Daniel Carrera
10/29/2003 9:14:00 AM
On Wed, Oct 29, 2003 at 05:56:24PM +0900, Pablo Lorenzzoni wrote:
> | I was just wondering what it would take to be able to use Ruby for the
> | programming logic.
[snip]
> (2) Or we want to use XUL's scheme in our Ruby programs - which can be
> more interesting... writing our GUIs using XML is, surely, much easier
> than the traditional method.
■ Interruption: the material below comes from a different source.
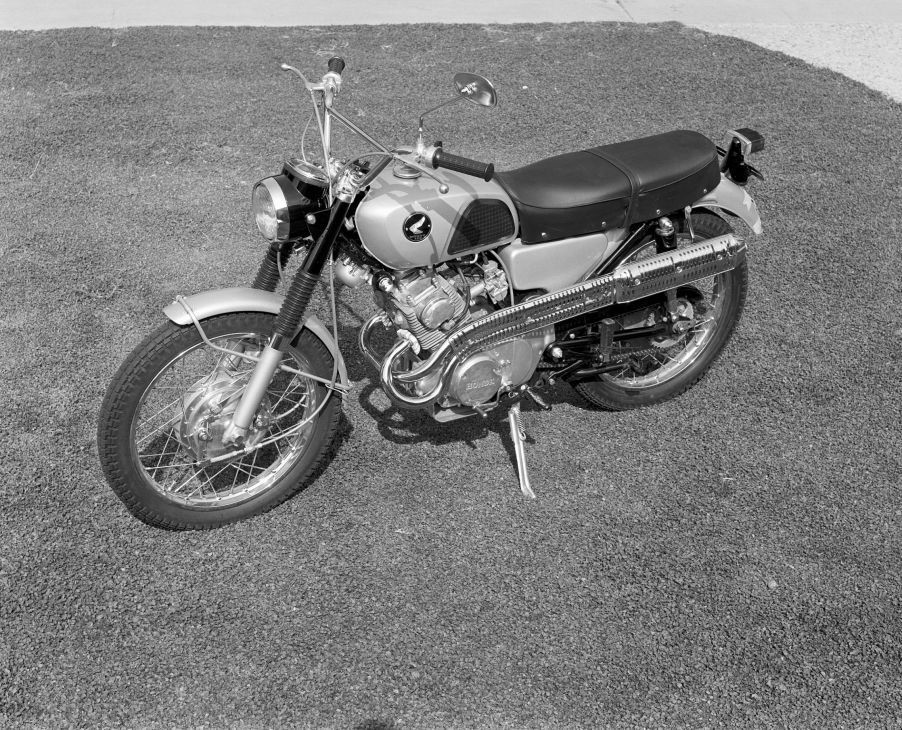 A Honda CL160 Scrambler parked on a lawn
The problem is that Ruby doesn't have a
> "standard" Graphical Toolkit... So, "our XUL" either have to be bound to
> some existing Toolkit and act as "yet another layer" for the GUI
> programming, or (which I think is more interesting) act as an agnostic
> layer, working with just any Toolkit.
That's a very interesting idea. I hadn't thought of that. I could write
a GUI program with Ruby and (let's call it) RubyXUL. I can run it with
one toolkit and you can run it with another (because they both have a
wrapper for RubyXUL).
That would be a neat way to meet differences in platforms and personal
taste. I don't have to worry about the fact that my GtkRuby application
won't run under Mac. Or that Fox doesn't look good under KDE.
Also, we don't have to exactly copy Mozilla's XUL. If there's any place
where we feel that the Mozilla team went wrong, we can change it in ours.
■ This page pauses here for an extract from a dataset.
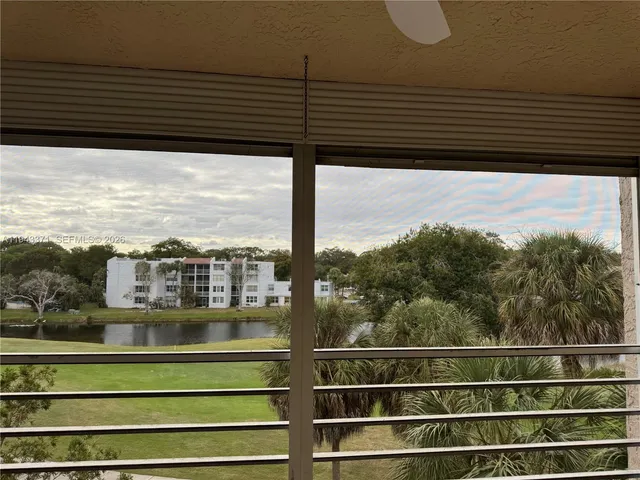 a view of a balcony with a ocean view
Okay, XUL is XML. Ruby comes with an XML parser, so that's not a
problem.
> If we could imagine an "agnostic" Glade that outputs XML in the XUL
> format, and make it work with any toolkit Ruby support... that sounds
> as a good idea.
Indeed.
So I guess that for each toolkit we'd need a library that can interpret
read XUL and produce the GUI.
There can be an environment variable which specifies which toolkit the
user wants.
I had never thought of designing toolkit-agnostic GUIs. That's a very
neat idea.
Cheers,
--
Daniel Carrera | OpenPGP KeyID: 9AF77A88
PhD grad student. |
Mathematics Dept. | "To understand recursion, you must first
UMD, College Park | understand recursion".